Uruguay is selling its own weed

Miguel Rojo/AFP/Getty Images
  • Marijuana is now legal in the tiny South American country of Uruguay, the first to legalize the production and sale of weed. [Reuters]
  • Uruguay passed a law legalizing marijuana back in 2013, but the first sales of the drug started yesterday. Individual pharmacies can now sell marijuana, which is grown and regulated by the government. [WSJ / Taos Turner]
  • By controlling the drug’s sale, the Uruguayan government can control which strains of the drug will be grown and how much legal pot people can buy, and can clamp down on any commercial drug sellers. [Washington Post / Nick Miroff]
  • This has drawn some criticism from marijuana activists in the country, but many also see it as a way to curb the illegal drug trade in South America and cut into cartel profits. [Washington Post / Christopher Ingraham]
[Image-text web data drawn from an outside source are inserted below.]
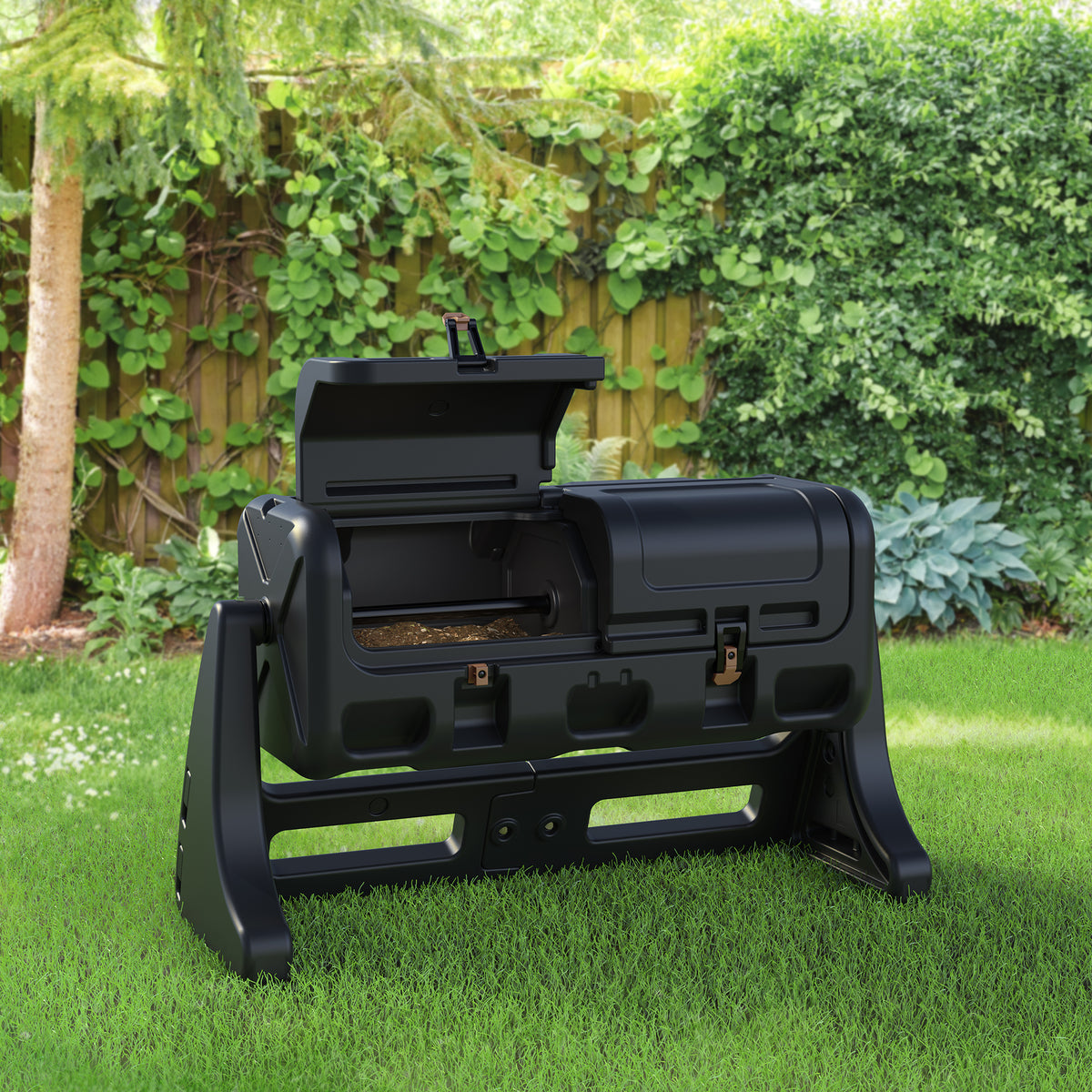 Step2 EverTough 58-Gallon Tumbling Composter — one chamber open with dark compost, set in lush garden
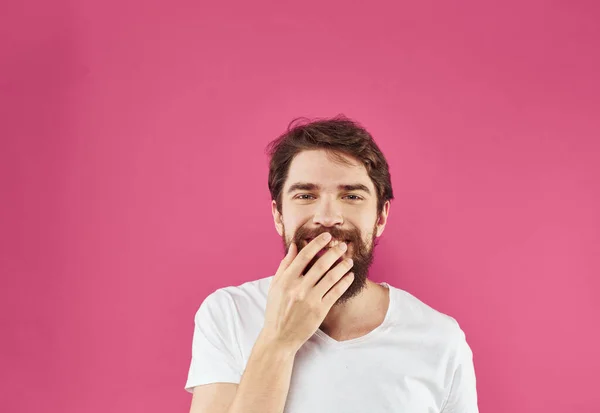 Щасливий молодий чоловік на рожевому тлі в білій футболці і товстої бородою жестикулювати руками — стокове фото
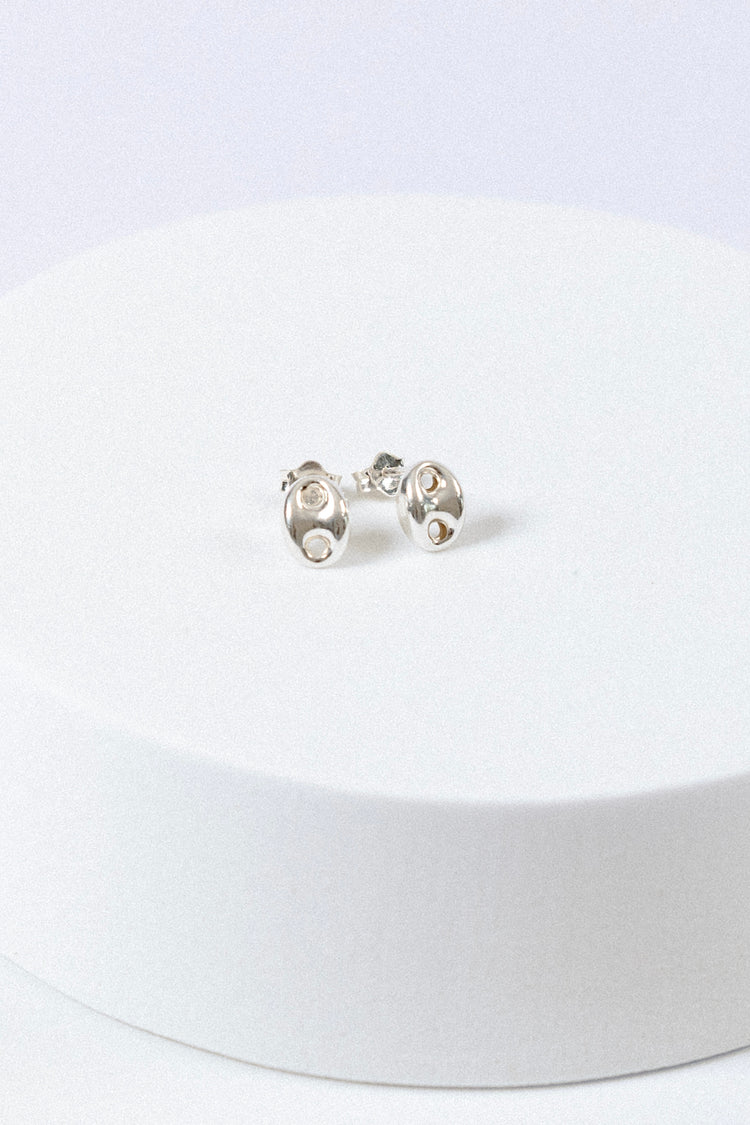 Sterling Silver puff mariner stud earrings on a white background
  • The government is also diverting some of the profits from pot sales into a fund for addiction treatment. [NYT / Ernesto Londono]
  • Residents of the country are the only ones who can purchase the drug, as government officials were reportedly wary of getting a reputation like Amsterdam and all of the pot tourists that come with it. Pot tourism in the Netherlands has led to an uptick in violence and crime in some cities. [NYT / Suzanne Daley]
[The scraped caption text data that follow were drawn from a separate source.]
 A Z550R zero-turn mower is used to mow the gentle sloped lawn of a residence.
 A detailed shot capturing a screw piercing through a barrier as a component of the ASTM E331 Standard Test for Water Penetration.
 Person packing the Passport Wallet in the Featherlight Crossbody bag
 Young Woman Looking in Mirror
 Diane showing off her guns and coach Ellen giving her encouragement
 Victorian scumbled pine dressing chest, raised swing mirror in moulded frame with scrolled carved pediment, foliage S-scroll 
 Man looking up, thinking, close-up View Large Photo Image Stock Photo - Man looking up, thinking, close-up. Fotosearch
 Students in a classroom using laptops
  • Where Uruguay is leading, other South American countries may follow. Argentina, Chile, and Mexico have been acting on decriminalization and legal possession measures for the past few years. [Mic / Tom McKay]

Poland’s Supreme Court shake-up

Beata Zawrzel/NurPhoto via Getty Images
  • Over the past year, Poland’s government has been slowly eroding its democracy, dismantling freedoms of the press and cracking down on public protests. [BBC]
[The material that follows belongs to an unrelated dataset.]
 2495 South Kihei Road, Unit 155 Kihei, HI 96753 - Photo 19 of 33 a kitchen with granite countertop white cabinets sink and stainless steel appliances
  • The latest development in the Eastern European nation is a dramatic one: Polish lawmakers aligned with the right-wing, populist Law and Justice Party are proposing dismantling the Supreme Court and forcing judges they don’t like to resign. [NYT / Rick Lyman]
  • Importantly, the bill they’ve proposed would also give President Andrzej Duda the power to select new judges, stacking the court with people friendly to his party. [Vox / Lindsay Maizland]
  • Members of the Law and Justice Party have justified the move by painting the Supreme Court as a holdover from old communist rule, but many Polish citizens and protesters say they are afraid the government is trying to consolidate power for itself. [Krakow Post]
  • The new bill is pushing Poland onto a crash court with the European Union, which is actively lobbying Duda not to sign the bill. EU leaders have warned that if the measure goes through, Poland is on track to fall out of its definition of a democracy. [Reuters / Pawel Sobczak and Lidia Kelly]
  • The EU could levy fines on Poland, or the country could lose its voting rights as an EU member, which would be big; that has never happened to a member state before. [Politico / Maia De La Baume]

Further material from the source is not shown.